これを受けて下村氏は、6月29日に記者会見し、
加計学園から政治寄付もパーティー券を購入してもらったこともなく、『加計学園から闇献金200万円』という記事は事実無根。
とし、疑惑を否定した。しかし、この200万円分のパーティー券については、
2013年と14年、加計学園の秘書室長が下村事務所を訪れ、合計11の個人・企業から預かってきた各100万円ずつを持参した。1人・1社20万円以下で、それぞれ領収書を渡した。
と述べており、少なくとも、加計学園の秘書室長から、合計200万円が、下村氏の政治団体に渡ったことは認めている。(【下村氏が会見「週刊文春の報道は事実無根。告訴も検討」】)
確かに、政治資金規正法では、20万円以下のパーティー券購入については、収支報告書に購入者名を記載しなくてもよいことになっている。

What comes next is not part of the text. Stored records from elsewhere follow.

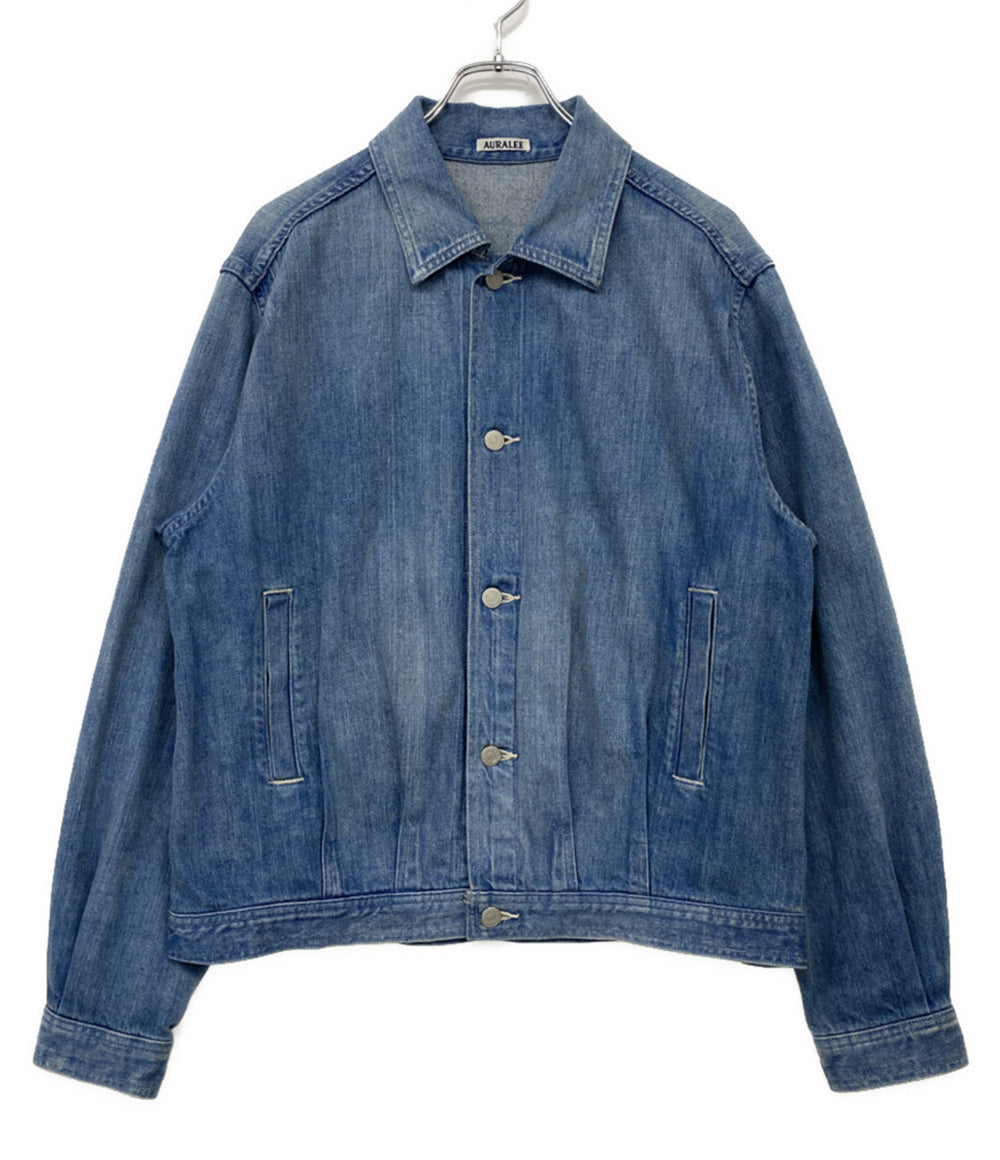 AURALEE デニムジャケット Selvedge Faded Light Denim A25SB01DE 25SS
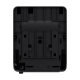 Satino Hyginity Sensor Handtuchspender, System SYS1, 39,0 cm x 23,2 cm x 31,8 cm, schwarz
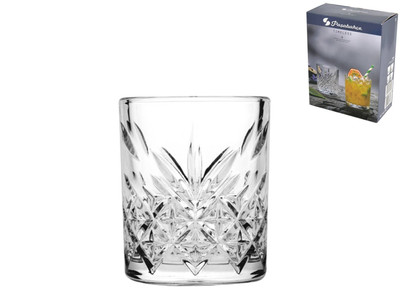 Pack Of 4 Water Glasses Brand Pasabahce Timeless Line 34.5 Cl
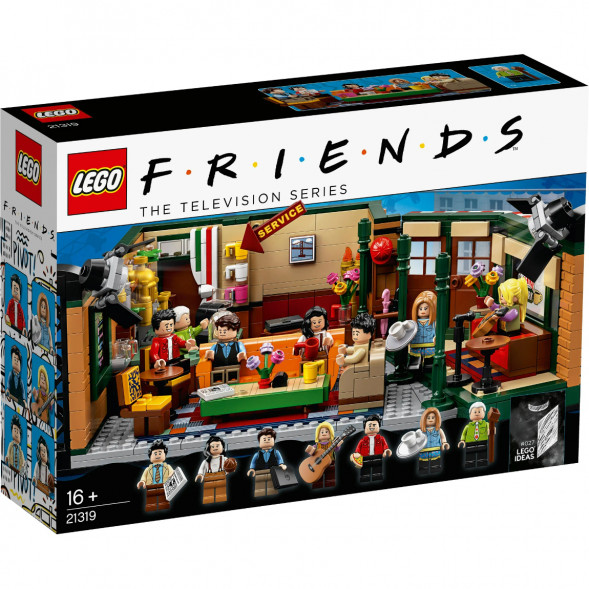 Конструктор LEGO Ideas 21319 Центральный парк Кафе Друзей в Махачкале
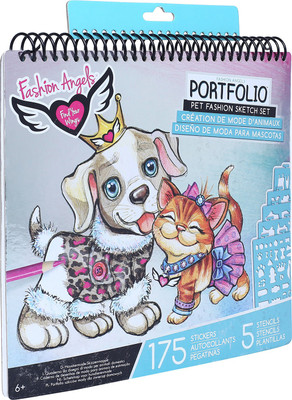 

Fashion Angels Pet Lovers Sketch Portfolio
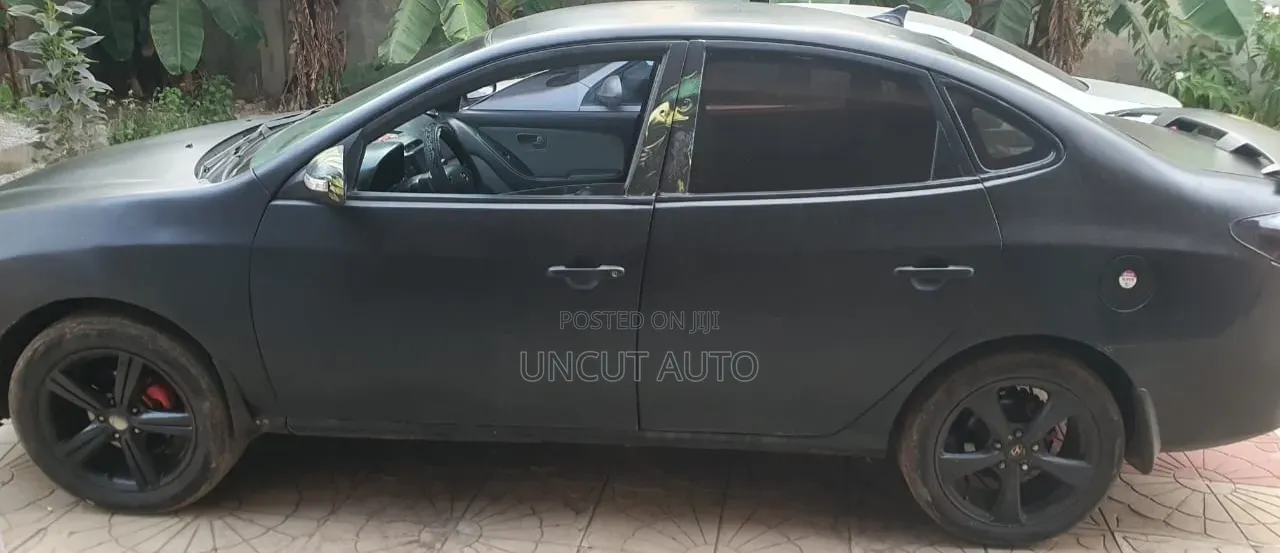 Hyundai Elantra 2010 Black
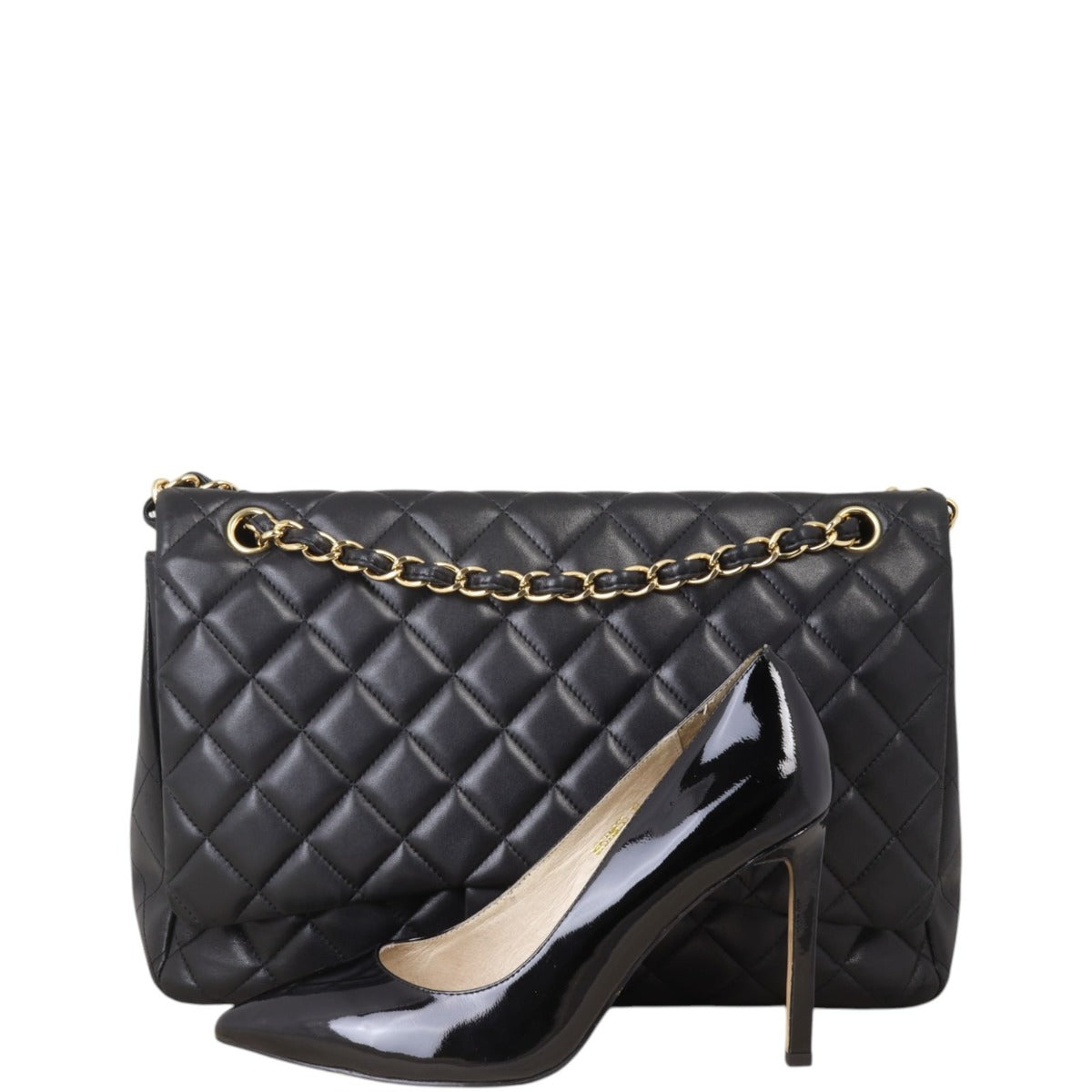 Chanel Classic Single Flap Maxi Lambskin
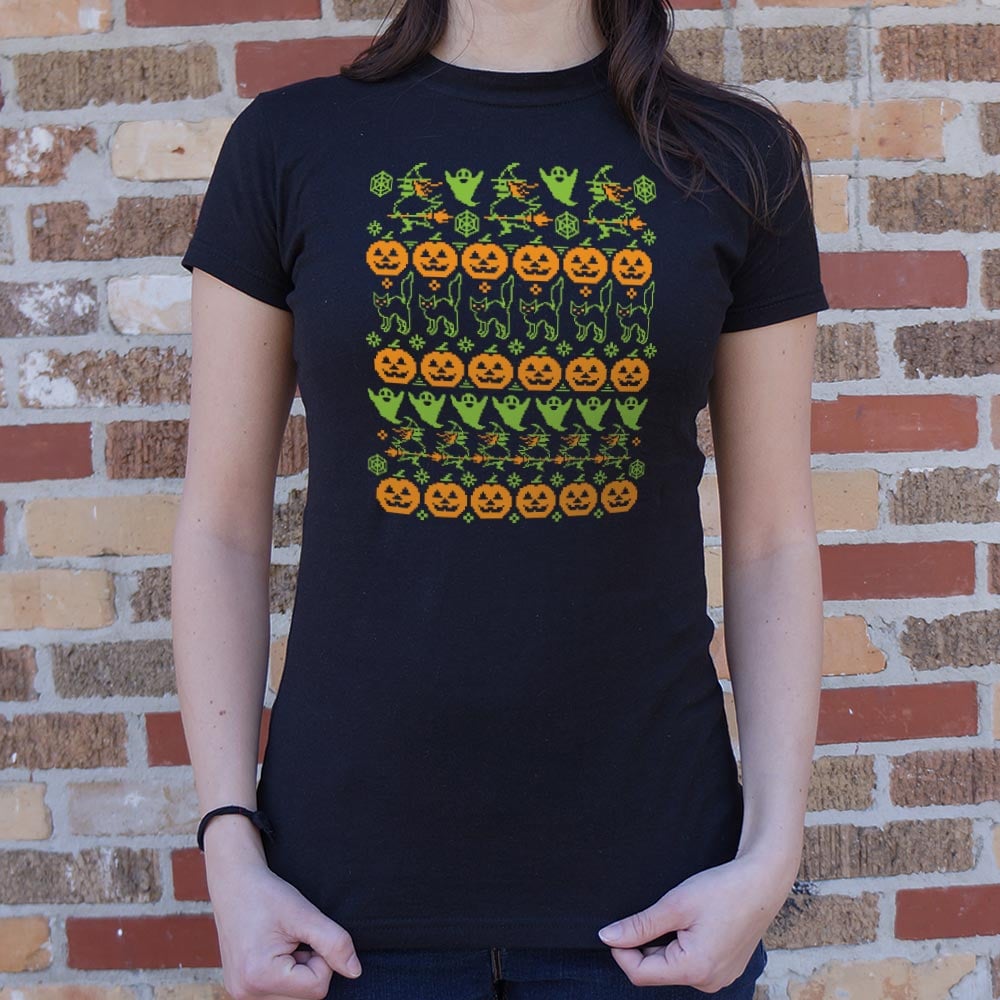 Ugly Halloween Sweater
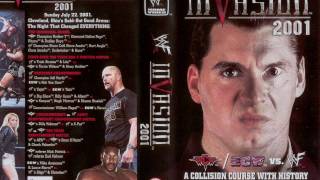 Wwe Invasion 2001 Second Theme Song Fullhd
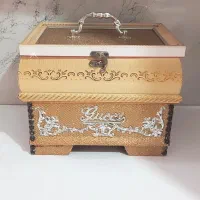 جا جواهرات چوبی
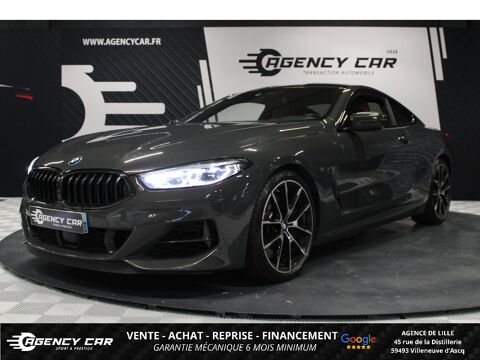 BMW S&eacute;rie 8 M850i xDrive Coup&eacute; BVA M Performance Pack Carbone Laser 2019 occasion Villeneuve-d'Ascq 59493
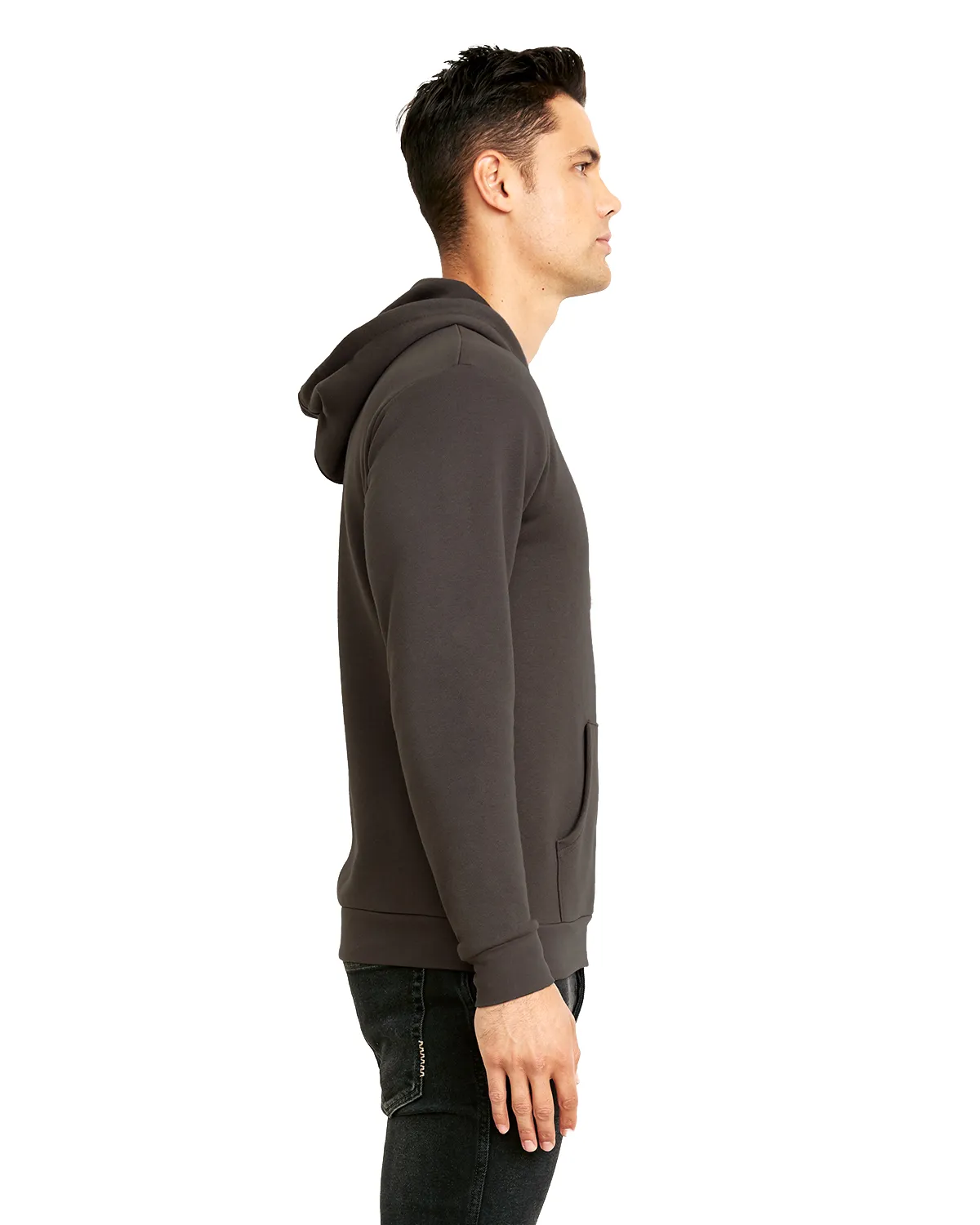 Next Level 9602 Unisex Beach Fleece Full-Zip Hoodie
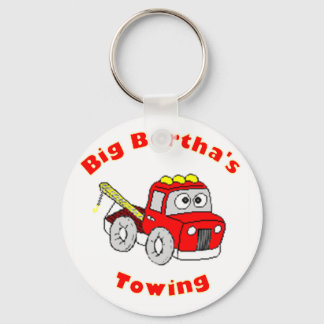Big Bertha's Towing Key Ring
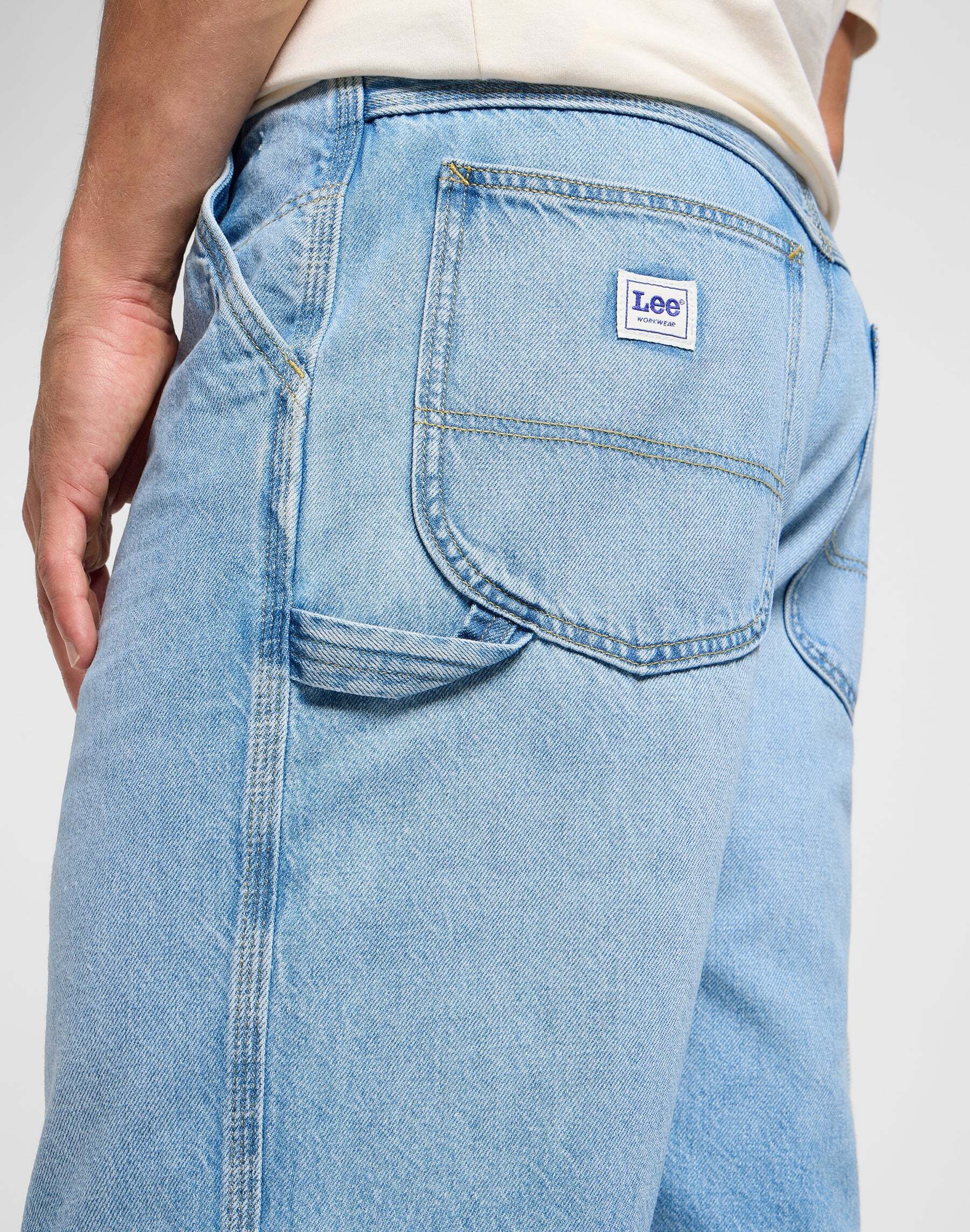 Lee® Relax-fit-Jeans »LEE Jeansshorts Carpenter Short«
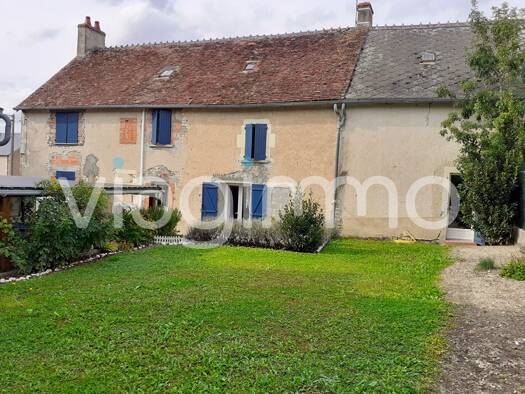 Maison en viager Bouquet 280 000 € 6 pièces 4 chambres 160 m² 469 m² de terrain Bourges 18000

しかし、それは、「20万円以下の小口のパーティー券の購入」として「処理」すれば、購入者の名前を非公表にすることが「法律上は可能だ」ということに過ぎない。
極めて重要なことは、下村氏が、加計学園の秘書室長から200万円を受け取った事実を認めていることだ。
下村氏は、
本日週刊誌が報じた記事内容は、法律上、問題ないことばかりであることを説明いたしました。
などと述べているが、「法律上問題ないかのような外形で行われた」という言い訳をしただけであって、週刊文春の記事で生じた「疑惑」についての説明には全くなっておらず、かえって、下村氏の会見での発言によって、下村氏と加計学園をめぐる「疑惑」は一層深まったと言える。
政治資金規正法上の問題
まず、疑われるのは、「11の個人・企業から預かってきた各100万円」というのが、実は、加計学園が支出したもので、「11の個人・企業」というのは、「名義貸し」ではないかという点だ。週刊文春の記事によると
下村事務所が作成した<2013年博友会パーティー入金状況>によると、<9月27日 学校 加計学園 1,000,000>と記載されている。博友会とは、当時、文部科学大臣だった下村氏の後援会であり、この年の10月、大規模な資金集めパーティーを開いていた。また、翌年の<2014年博友会パーティー入金状況>には、10月10日付で<学校 山中一郎 加計学園 1,000,000>と記載されていた。山中氏は当時、加計学園の秘書室長を務めており、政界との窓口となっていた。
のであり、少なくとも、下村氏の事務所側で「加計学園による政治資金パーティー代金の支払」として扱われ、その後、政治資金の処理の段階で、20万円以下の個人・企業の名義に分散して領収書が交付された疑いが強い。その場合、
何人も、本人の名義以外の名義又は匿名で、政治資金パーティーの支払をしてはならない。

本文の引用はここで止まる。